Every entry in this listing should be written out exactly.

+-------+

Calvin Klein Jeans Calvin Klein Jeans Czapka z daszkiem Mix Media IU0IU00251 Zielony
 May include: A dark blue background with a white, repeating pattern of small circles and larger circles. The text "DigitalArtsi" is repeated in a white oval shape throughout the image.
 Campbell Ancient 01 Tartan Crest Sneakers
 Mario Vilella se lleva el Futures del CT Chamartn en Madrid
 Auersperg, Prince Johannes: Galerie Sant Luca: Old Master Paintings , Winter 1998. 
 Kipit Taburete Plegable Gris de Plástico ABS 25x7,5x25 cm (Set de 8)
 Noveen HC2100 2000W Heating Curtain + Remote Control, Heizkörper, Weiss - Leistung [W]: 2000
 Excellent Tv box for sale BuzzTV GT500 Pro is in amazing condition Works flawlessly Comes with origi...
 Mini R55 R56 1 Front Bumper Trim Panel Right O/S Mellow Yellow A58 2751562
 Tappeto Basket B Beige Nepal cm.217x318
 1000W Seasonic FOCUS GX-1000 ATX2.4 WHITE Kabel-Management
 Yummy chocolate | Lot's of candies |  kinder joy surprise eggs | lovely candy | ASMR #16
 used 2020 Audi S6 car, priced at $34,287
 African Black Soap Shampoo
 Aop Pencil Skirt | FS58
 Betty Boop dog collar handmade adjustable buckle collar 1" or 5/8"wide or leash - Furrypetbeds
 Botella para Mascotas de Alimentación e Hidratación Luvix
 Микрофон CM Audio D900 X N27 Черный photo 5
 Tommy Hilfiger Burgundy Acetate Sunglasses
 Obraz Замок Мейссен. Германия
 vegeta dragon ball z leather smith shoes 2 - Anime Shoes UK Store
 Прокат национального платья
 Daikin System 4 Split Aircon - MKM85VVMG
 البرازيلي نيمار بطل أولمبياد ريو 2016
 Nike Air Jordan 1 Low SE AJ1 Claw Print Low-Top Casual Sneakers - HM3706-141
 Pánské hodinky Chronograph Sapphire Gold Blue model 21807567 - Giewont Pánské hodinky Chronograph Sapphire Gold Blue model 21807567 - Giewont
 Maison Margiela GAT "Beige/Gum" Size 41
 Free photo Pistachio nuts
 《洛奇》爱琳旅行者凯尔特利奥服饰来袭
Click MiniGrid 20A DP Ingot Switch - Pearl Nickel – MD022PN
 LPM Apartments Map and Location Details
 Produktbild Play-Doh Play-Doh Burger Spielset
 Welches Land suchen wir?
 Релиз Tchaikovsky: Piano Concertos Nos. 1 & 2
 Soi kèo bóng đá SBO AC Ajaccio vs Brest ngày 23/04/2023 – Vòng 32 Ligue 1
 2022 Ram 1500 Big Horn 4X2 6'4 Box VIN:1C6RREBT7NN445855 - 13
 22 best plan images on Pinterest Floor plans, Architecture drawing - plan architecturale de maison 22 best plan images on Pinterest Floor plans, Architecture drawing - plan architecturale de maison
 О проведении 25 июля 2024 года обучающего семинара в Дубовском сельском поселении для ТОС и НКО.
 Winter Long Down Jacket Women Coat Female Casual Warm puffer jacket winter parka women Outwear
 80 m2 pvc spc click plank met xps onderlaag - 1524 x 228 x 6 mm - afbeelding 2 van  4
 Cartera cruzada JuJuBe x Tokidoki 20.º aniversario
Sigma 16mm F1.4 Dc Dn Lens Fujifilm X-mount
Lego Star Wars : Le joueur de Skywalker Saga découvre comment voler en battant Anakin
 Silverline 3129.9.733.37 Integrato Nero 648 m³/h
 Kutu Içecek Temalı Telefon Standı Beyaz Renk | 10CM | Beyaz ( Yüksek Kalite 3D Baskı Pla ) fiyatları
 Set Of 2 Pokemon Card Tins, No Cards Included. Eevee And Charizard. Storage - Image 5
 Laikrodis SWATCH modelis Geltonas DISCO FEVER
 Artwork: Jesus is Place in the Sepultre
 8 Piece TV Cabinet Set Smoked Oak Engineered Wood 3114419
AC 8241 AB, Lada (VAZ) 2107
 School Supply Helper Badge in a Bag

+-------+

## FINISHED TASK
Calvin Klein Jeans Calvin Klein Jeans Czapka z daszkiem Mix Media IU0IU00251 Zielony
 May include: A dark blue background with a white, repeating pattern of small circles and larger circles. The text "DigitalArtsi" is repeated in a white oval shape throughout the image.
 Campbell Ancient 01 Tartan Crest Sneakers
 Mario Vilella se lleva el Futures del CT Chamartn en Madrid
 Auersperg, Prince Johannes: Galerie Sant Luca: Old Master Paintings , Winter 1998. 
 Kipit Taburete Plegable Gris de Plástico ABS 25x7,5x25 cm (Set de 8)
 Noveen HC2100 2000W Heating Curtain + Remote Control, Heizkörper, Weiss - Leistung [W]: 2000
 Excellent Tv box for sale BuzzTV GT500 Pro is in amazing condition Works flawlessly Comes with origi...
 Mini R55 R56 1 Front Bumper Trim Panel Right O/S Mellow Yellow A58 2751562
 Tappeto Basket B Beige Nepal cm.217x318
 1000W Seasonic FOCUS GX-1000 ATX2.4 WHITE Kabel-Management
 Yummy chocolate | Lot's of candies |  kinder joy surprise eggs | lovely candy | ASMR #16
 used 2020 Audi S6 car, priced at $34,287
 African Black Soap Shampoo
 Aop Pencil Skirt | FS58
 Betty Boop dog collar handmade adjustable buckle collar 1" or 5/8"wide or leash - Furrypetbeds
 Botella para Mascotas de Alimentación e Hidratación Luvix
 Микрофон CM Audio D900 X N27 Черный photo 5
 Tommy Hilfiger Burgundy Acetate Sunglasses
 Obraz Замок Мейссен. Германия
 vegeta dragon ball z leather smith shoes 2 - Anime Shoes UK Store
 Прокат национального платья
 Daikin System 4 Split Aircon - MKM85VVMG
 البرازيلي نيمار بطل أولمبياد ريو 2016
 Nike Air Jordan 1 Low SE AJ1 Claw Print Low-Top Casual Sneakers - HM3706-141
 Pánské hodinky Chronograph Sapphire Gold Blue model 21807567 - Giewont Pánské hodinky Chronograph Sapphire Gold Blue model 21807567 - Giewont
 Maison Margiela GAT "Beige/Gum" Size 41
 Free photo Pistachio nuts
 《洛奇》爱琳旅行者凯尔特利奥服饰来袭
Click MiniGrid 20A DP Ingot Switch - Pearl Nickel – MD022PN
 LPM Apartments Map and Location Details
 Produktbild Play-Doh Play-Doh Burger Spielset
 Welches Land suchen wir?
 Релиз Tchaikovsky: Piano Concertos Nos. 1 & 2
 Soi kèo bóng đá SBO AC Ajaccio vs Brest ngày 23/04/2023 – Vòng 32 Ligue 1
 2022 Ram 1500 Big Horn 4X2 6'4 Box VIN:1C6RREBT7NN445855 - 13
 22 best plan images on Pinterest Floor plans, Architecture drawing - plan architecturale de maison 22 best plan images on Pinterest Floor plans, Architecture drawing - plan architecturale de maison
 О проведении 25 июля 2024 года обучающего семинара в Дубовском сельском поселении для ТОС и НКО.
 Winter Long Down Jacket Women Coat Female Casual Warm puffer jacket winter parka women Outwear
 80 m2 pvc spc click plank met xps onderlaag - 1524 x 228 x 6 mm - afbeelding 2 van  4
 Cartera cruzada JuJuBe x Tokidoki 20.º aniversario
Sigma 16mm F1.4 Dc Dn Lens Fujifilm X-mount
Lego Star Wars : Le joueur de Skywalker Saga découvre comment voler en battant Anakin
 Silverline 3129.9.733.37 Integrato Nero 648 m³/h
 Kutu Içecek Temalı Telefon Standı Beyaz Renk | 10CM | Beyaz ( Yüksek Kalite 3D Baskı Pla ) fiyatları
 Set Of 2 Pokemon Card Tins, No Cards Included. Eevee And Charizard. Storage - Image 5
 Laikrodis SWATCH modelis Geltonas DISCO FEVER
 Artwork: Jesus is Place in the Sepultre
 8 Piece TV Cabinet Set Smoked Oak Engineered Wood 3114419
AC 8241 AB, Lada (VAZ) 2107
 School Supply Helper Badge in a Bag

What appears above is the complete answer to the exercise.